The tension between these two sides is at the heart of her success as an actress. She was brilliant on the London stage as Blanche DuBois in A Streetcar Named Desire, perfectly capturing the torment of a woman caught between the demands of genteel respectability and raging desire. Some of the same tension was also apparent in her celebrated Broadway performances as Nora in A Doll's House.
But in her private life she has suffered from what her friend Gore Vidal describes as her "neurotic" temperament. When I repeat Vidal's succinct commentary on her relationship with Philip Roth - "He's tense; she's tense" - she laughs nervously, but does not deny the accuracy of the description.
Part of the difficulty in her tumultuous love life is that she has been drawn so often to men whose anxieties and obsessions mirror her own. Her first husband, the actor Rod Steiger, didn't seem to know whether he wanted his wife to be a free spirit or an accessory to his own career. They had a child - Anna, now 42 and an opera singer - but the marriage soon collapsed when Bloom found herself attracted to one of her husband's friends, the producer Hillard Elkins.
She now acknowledges that her marriage to Elkins was an enormous mistake and describes him as having "an air of fearful anxiety", yet she was only too willing to join him in a stormy relationship, playing the "child-daughter" to his father-lover.
Significantly, her own father was largely absent from her life. It was her mother who inspired her to pursue an acting career, while her father drifted from job to job and place to place before disappearing from her life. In her childhood she was never quite certain what her father did for a living. "I later found out from my birth certificate that he described himself as a tie salesman, but I have no idea if he actually sold a tie."

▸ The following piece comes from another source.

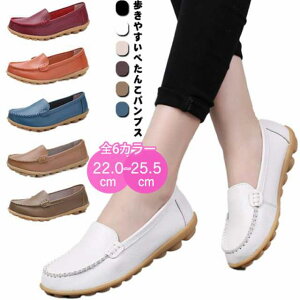 pvX ؂ fB[X [t@[ V[Y PU Ȃ  d ɂȂ tH[} A ʋ w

After her father abandoned the family, Claire and her brother, John, lived with their mother in greatly reduced circumstances, made worse by the privations of the war. She still has vivid and painful memories of the period.
"It was so dreary and bleak, with rationing and bad food. I came to resent not only the poverty that we saw around us, but the whole caste system of Britain that made any escape from such poverty so difficult. Although you might get a taste of success, you still felt enclosed and unable to move ahead. I couldn't wait to get out of England."
Her chance came in the early Fifties, when her budding career as an actress attracted the attention of Charlie Chaplin, who flew her to New York to audition for a starring part in his film Limelight. He liked what he saw and showered attention on her, generously sharing the cover of Time magazine with her when the film was launched. Suddenly, Hollywood wanted her and she made several big films in America, including The Buccaneer with Yul Brynner.
"I had acting jobs in London, but I wanted to be in America. For me, the one bright thing about England in those days was a Welshman."
She is referring to the first great love of her life, Richard Burton, who starred opposite her in Hamlet at the Old Vic. Unfortunately, he was married at the time and she was never able to enjoy more than brief periods with him.
The fact that their love was frustrated and finally faded is still a source of pain to her, and she does not have much sympathy for Elizabeth Taylor, who eventually lured him into a second marriage. There seems little doubt that he was the favourite of all her lovers.
"He had it all: intelligence, physical beauty, an incredible voice. There was no one else like him. When we were at the Old Vic, he proved that a working-class actor could make it, and I was proud of him. I thought he set a great example in a society that was, and still is, so preoccupied with class and accent."
Her resentment of social distinctions is such a favourite theme that she can't resist interrupting her praise of Burton to deliver a sharp dig at the Queen: "As long as people continue to bow to an uncultivated woman, the caste system will continue."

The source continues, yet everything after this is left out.